SGC-BBC launches survey to meet students’ needs

Manuel Cedeno / Contributing writer

Biscayne Bay Campus has regained its quiet.

After a solid three weeks, freshmen and new transfer students have adjusted. What at first seemed like an overcrowded, tangled-web of a campus, is now a seamless flow of students maneuvering the hallways through efficient avenues.

At this time, the Student Government Association at BBC, in efforts to introduce itself to new students, also likes to gauge the student body in terms of population, declared majors, perspectives on campus food quality and other  issues that affect daily life on campus.

In a recent effort to compile feedback, SGA-BBC sent out an email to all students with an attached survey.

At first glance, the questions may seem pointless and redundant; however, all questions are carefully thought out beforehand to help SGA to address concerns students may have about any facet of BBC.

“Every year we try to ascertain what some of the concerns of the students are.  In essence, the main goal of this survey is just to get an idea of what the student population is here at BBC, where [the students] are, and let them know what we do,” said Pablo Haspel, president of SGC-BBC.  “Obviously it’s a lot easier to help them out if they know who we are, and if they have any issues they can come talk to us.”

One of the burdens that seem to be on every one’s mind is the cafeteria.  Haspel would like everyone to know that SGA is very aware of this and is doing everything in their power to assess the situation.

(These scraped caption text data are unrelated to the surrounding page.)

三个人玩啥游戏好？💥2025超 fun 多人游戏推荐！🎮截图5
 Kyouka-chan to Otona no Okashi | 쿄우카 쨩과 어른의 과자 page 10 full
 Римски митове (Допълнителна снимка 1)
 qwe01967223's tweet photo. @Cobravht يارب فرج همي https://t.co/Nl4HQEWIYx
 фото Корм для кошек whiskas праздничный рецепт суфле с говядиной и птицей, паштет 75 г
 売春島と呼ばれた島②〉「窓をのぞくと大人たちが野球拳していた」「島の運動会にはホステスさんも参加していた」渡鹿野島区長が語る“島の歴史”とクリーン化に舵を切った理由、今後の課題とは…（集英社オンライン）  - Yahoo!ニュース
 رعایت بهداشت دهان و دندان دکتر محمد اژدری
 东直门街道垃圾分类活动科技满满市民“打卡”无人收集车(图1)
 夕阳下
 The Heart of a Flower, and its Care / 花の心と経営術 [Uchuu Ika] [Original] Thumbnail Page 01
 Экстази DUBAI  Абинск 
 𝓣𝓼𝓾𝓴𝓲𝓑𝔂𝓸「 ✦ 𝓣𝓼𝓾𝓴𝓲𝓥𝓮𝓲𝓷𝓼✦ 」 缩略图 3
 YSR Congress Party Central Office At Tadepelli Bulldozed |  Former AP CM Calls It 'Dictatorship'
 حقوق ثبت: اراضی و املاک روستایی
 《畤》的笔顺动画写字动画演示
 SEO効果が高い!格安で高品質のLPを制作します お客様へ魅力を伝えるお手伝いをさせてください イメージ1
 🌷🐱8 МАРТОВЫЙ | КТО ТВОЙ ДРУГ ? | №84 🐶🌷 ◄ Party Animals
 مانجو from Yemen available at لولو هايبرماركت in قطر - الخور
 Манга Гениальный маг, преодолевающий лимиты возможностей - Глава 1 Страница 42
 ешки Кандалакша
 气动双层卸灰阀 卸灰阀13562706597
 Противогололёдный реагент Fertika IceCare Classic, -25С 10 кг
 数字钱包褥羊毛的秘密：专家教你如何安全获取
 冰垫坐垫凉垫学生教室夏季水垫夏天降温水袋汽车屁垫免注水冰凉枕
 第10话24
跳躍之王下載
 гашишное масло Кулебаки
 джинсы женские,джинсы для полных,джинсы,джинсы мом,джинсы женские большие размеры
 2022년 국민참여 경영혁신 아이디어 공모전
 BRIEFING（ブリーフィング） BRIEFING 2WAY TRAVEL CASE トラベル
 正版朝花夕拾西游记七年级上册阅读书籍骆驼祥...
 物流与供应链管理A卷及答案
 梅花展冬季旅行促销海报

“Food choices have been a concern for a while now. Something we do try to address every year. With the move of the cafeteria from the second floor to the new wing, food options also changed slightly, so we do have some [better] options,” Haspel said.  “Last year, one of the locations changed and became Bistro Subs, a healthier choice.

According to Haspel, students  need to remember that at the end of the day, it’s a business and vendors do need to make some type of profit out of it. So in terms of hours, food and prices, they need be able to sustain their business while still maintaining profitability.

“I am happy to say though that business has been improving and growing, making it easier to change or add-on to the current food options,” said Haspel.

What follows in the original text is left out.